:: Provided records ::
== Segment start ==

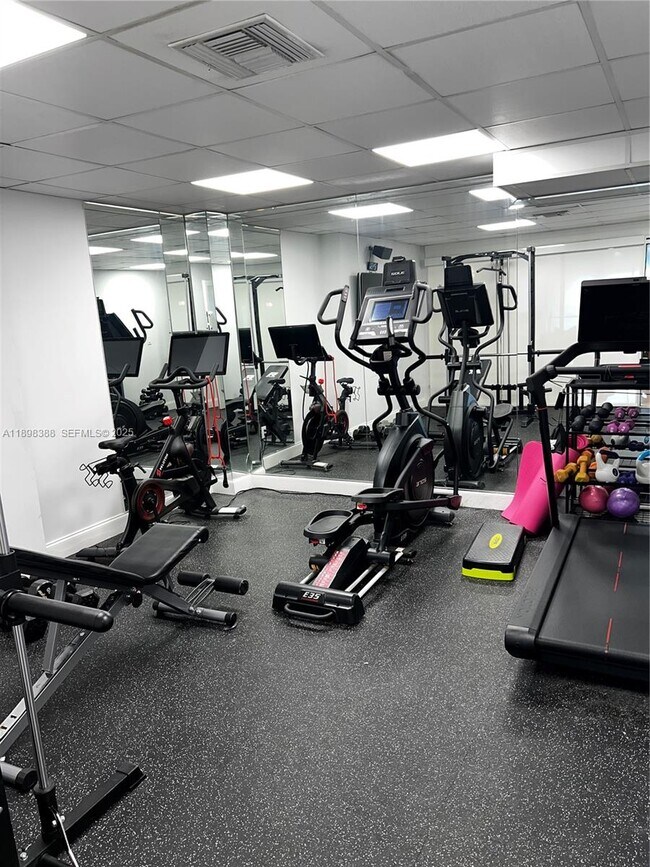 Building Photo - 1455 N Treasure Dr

== Segment end ==
== Segment start ==

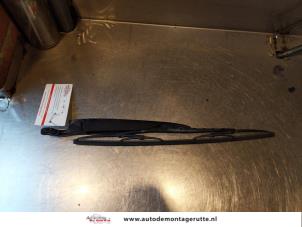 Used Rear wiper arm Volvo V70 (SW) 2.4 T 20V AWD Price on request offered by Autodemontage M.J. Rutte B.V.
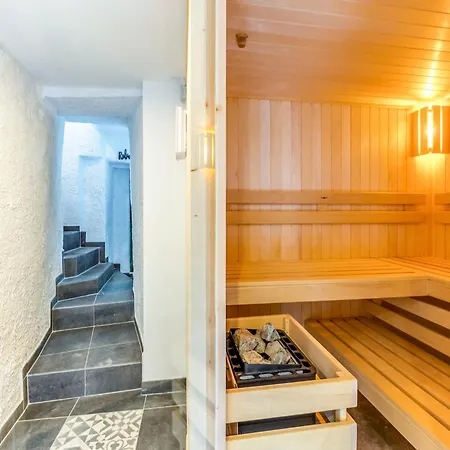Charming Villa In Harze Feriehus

== Segment end ==

:: Task details ::
Look above for the line with "Used Rear wiper"; quote it and every line after it, stopping after the line with "Charming Villa In Harze Feriehus", exactly, with nothing added and without pictures.

:: Your solution ::
 Used Rear wiper arm Volvo V70 (SW) 2.4 T 20V AWD Price on request offered by Autodemontage M.J. Rutte B.V.
Charming Villa In Harze Feriehus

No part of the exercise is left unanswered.